- Task: Please copy every line with the string "Flower" from the entries below.

━━━━━ Dataset excerpts ━━━━━

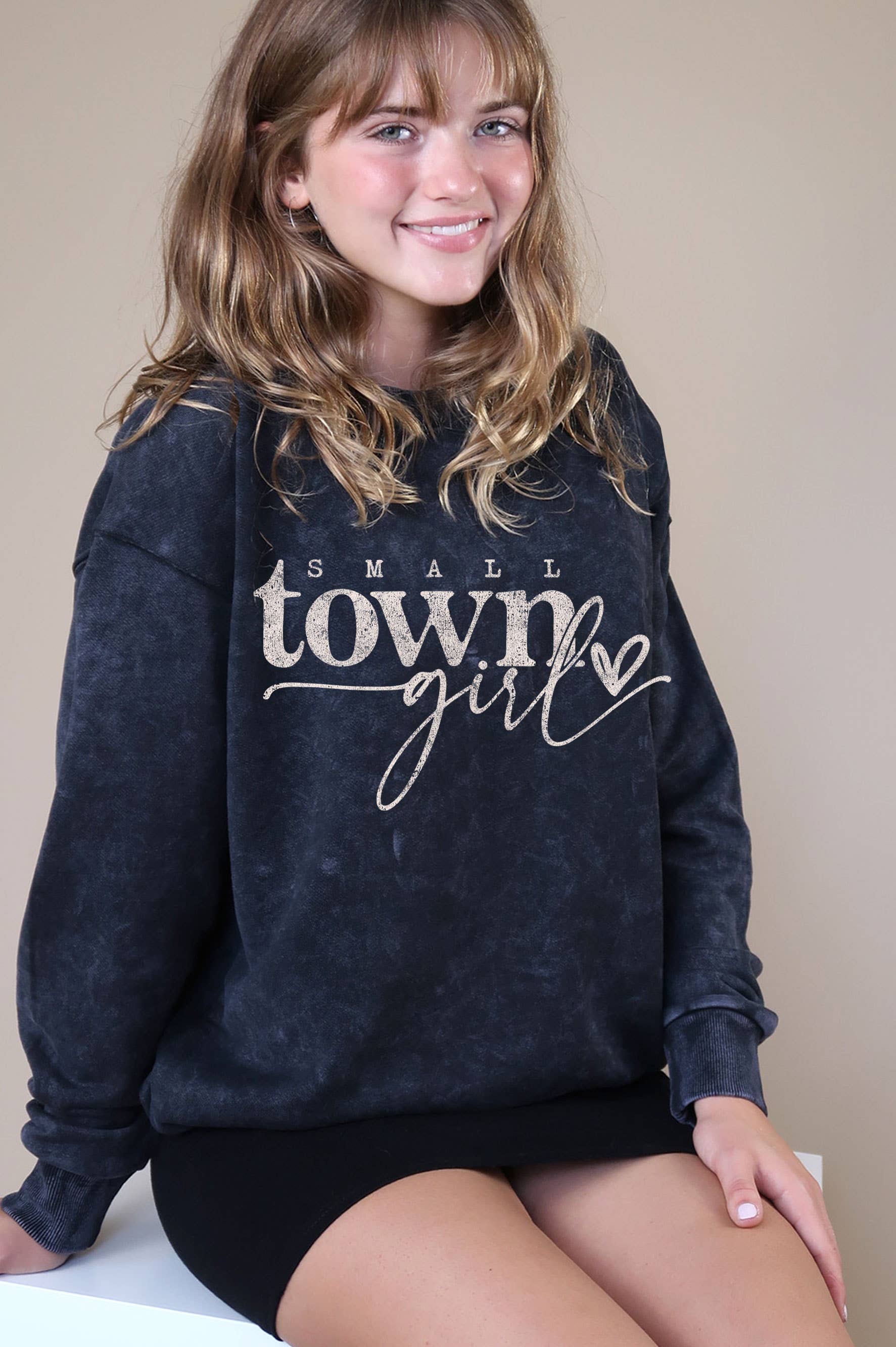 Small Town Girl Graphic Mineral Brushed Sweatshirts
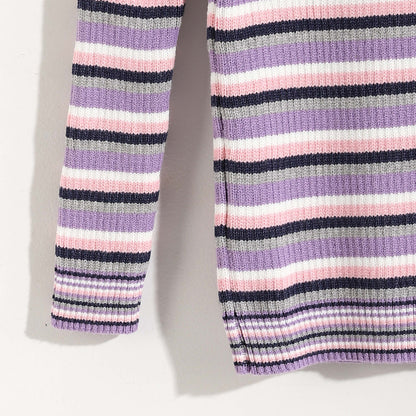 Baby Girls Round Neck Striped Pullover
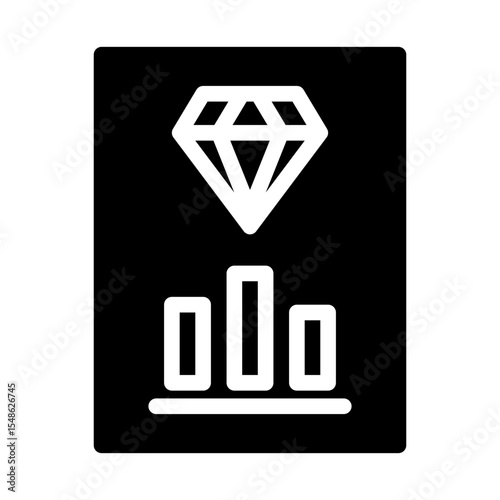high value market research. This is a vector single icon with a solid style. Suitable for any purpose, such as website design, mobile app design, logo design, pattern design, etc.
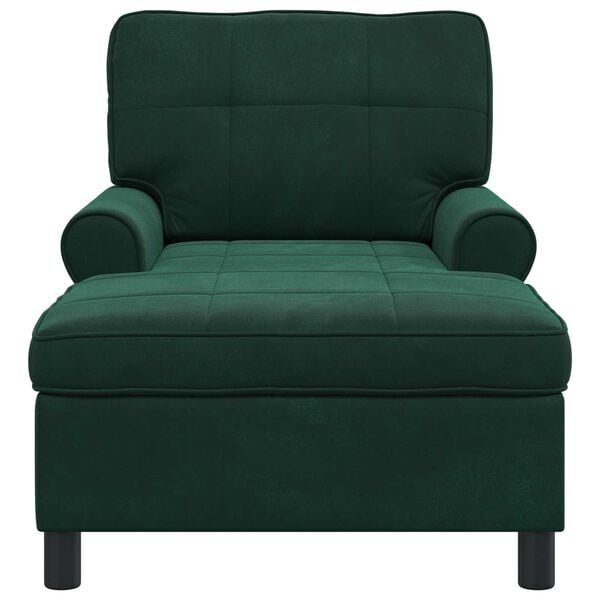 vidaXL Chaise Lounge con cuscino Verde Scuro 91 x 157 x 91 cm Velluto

━━━━━
━━━━━ Dataset excerpts ━━━━━

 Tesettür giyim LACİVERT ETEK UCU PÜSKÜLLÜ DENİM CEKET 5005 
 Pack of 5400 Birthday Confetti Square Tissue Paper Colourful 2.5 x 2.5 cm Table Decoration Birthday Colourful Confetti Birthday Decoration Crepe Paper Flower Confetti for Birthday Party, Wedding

━━━━━
━━━━━ Dataset excerpts ━━━━━

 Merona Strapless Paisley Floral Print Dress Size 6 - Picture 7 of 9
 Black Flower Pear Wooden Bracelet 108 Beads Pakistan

━━━━━

- Response area:
 Pack of 5400 Birthday Confetti Square Tissue Paper Colourful 2.5 x 2.5 cm Table Decoration Birthday Colourful Confetti Birthday Decoration Crepe Paper Flower Confetti for Birthday Party, Wedding
 Black Flower Pear Wooden Bracelet 108 Beads Pakistan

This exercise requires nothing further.